The role of the stress-induced transcription factor, CHOP, in the induction of IL-23 by intracellular bacteria.

Cells are like factories: a conveyor belt production line produces proteins with a myriad of different functions needed by the cell and the body. If the quality of the product is compromised, the alarm is raised by a quality control manager, and a brake is put on the system. This allows the cell time to respond and adapt to whatever has upset production. The response of the cell to adapt is called the ?unfolded protein response?. We have data that shows that bacterial infection of cells can also induce this response. At the same time, bacteria also induce the expression of immune hormones by cells they have infected. These immune hormones help protect the body against infection, but inappropriate expression of these molecules can produce the wrong kinds of responses that can lead to chronic disease. One such immune hormone is IL-23, it has been implicated to play a role in diseases such as arthritis, multiple sclerosis and inflammation of the gut. We have important evidence that IL-23 relies on this unfolded protein response to enhance its expression, and that bacterial infection induces these important factors. This project proposal asks for the opportunity to investigates how bacteria induce the unfolded protein response and expression of the factors that enhance IL-23. Our approach is to examine the unfolded response in detail and block particular arms of the unfolded protein response to see if this affects the production of the factors that are crucial for IL-23 expression. Most importantly this will identify how the unfolded protein response is switched on by bacteria and provide the potential to target this pathway as away to modulate disease that are known to be caused by this immune hormone.

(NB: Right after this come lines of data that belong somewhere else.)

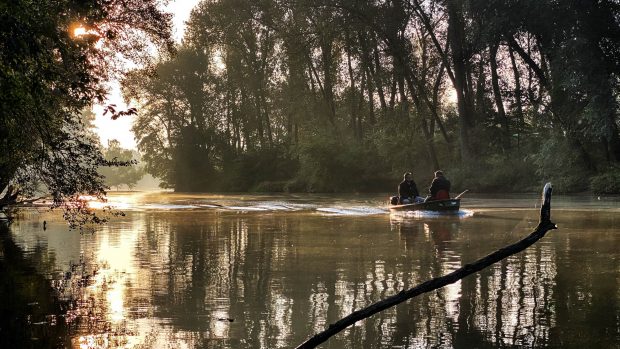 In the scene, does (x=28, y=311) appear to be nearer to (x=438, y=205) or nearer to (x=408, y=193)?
(x=438, y=205)

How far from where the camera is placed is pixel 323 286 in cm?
1060

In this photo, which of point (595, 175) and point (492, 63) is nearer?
point (595, 175)

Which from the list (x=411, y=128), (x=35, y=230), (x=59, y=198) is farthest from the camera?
(x=411, y=128)

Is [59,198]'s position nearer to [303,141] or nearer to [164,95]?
[303,141]

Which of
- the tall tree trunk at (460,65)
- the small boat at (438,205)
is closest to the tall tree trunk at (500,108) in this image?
the tall tree trunk at (460,65)

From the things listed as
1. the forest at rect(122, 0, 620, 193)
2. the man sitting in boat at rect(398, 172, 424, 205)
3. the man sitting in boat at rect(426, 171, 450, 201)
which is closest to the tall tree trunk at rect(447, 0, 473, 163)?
the forest at rect(122, 0, 620, 193)

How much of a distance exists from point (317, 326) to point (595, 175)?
34.7 m

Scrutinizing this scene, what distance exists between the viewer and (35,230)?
72.2 feet

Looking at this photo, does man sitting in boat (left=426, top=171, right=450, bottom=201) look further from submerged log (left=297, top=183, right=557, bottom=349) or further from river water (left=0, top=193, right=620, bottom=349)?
submerged log (left=297, top=183, right=557, bottom=349)

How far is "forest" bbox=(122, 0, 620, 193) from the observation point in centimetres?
3766

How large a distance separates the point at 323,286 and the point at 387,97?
52.1m

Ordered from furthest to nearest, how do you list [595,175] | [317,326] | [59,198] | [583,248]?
1. [595,175]
2. [583,248]
3. [59,198]
4. [317,326]

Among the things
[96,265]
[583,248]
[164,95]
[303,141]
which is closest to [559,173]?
[303,141]

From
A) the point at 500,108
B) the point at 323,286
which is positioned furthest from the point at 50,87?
the point at 500,108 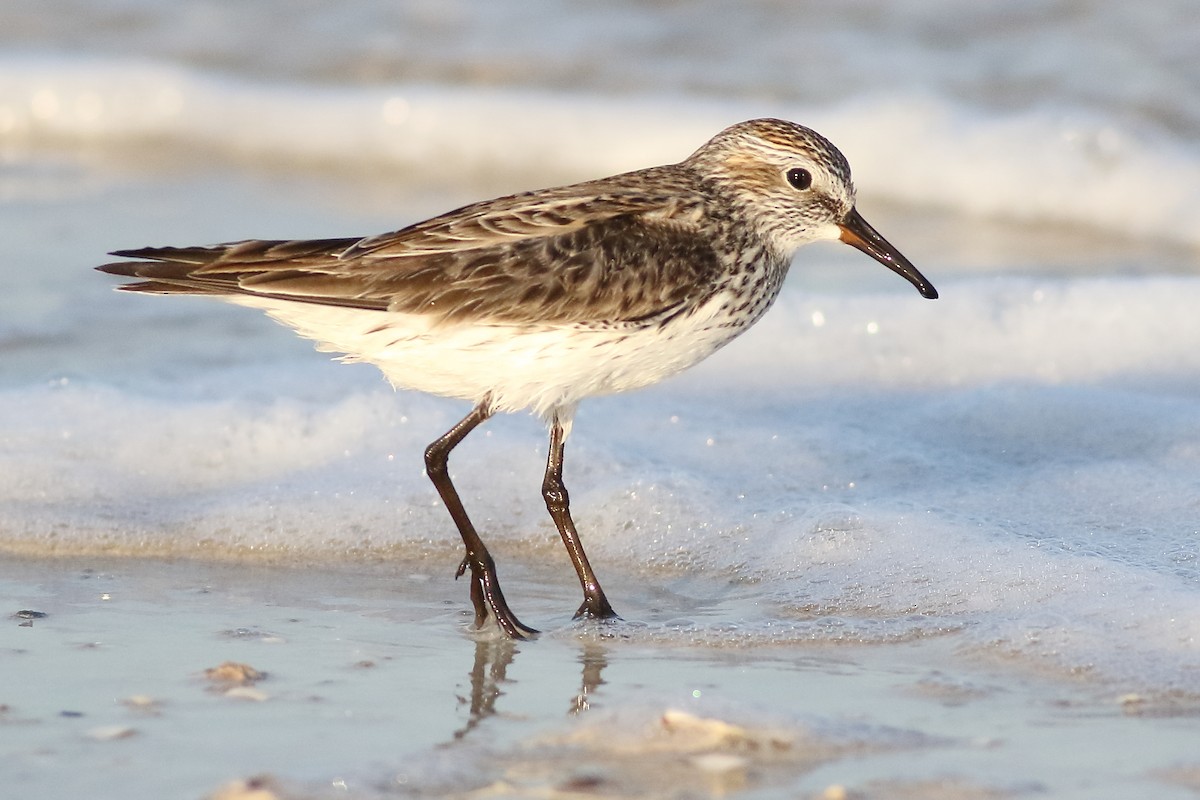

We have recently made the seminal observation that ER stress profoundly and qualitatively alters APC cytokine secretion, boosting the production of a specific group of mediators including interleukin (IL-23). We have identified that the ER stress induced transcription factor CHOP is activated by intracellular bacterial infection, and is involved in the regulation of IL-23 gene expression. We hypothesize that the ability of intracellular bacteria to induce the expression of stress proteins can profoundly affect the nature of innate and adaptive immune responses they elicit. Here, we propose to identify the host cell stress pathways that induce CHOP transcription in response to infection of myeloid APCs with intracellular bacteria. We will also determine if other intracellular bacterial pathogens induce CHOP activation, and identify specific bacterial components that are able to initiate host cell stress. Thus, we will elucidate how cell stress induced by important human pathogens influences the quality of innate immune responses. Moreover, we will characterise stress responses as novel mechanisms linking intracellular bacterial infection to diseases where IL-23 is known to play an important role in pathology.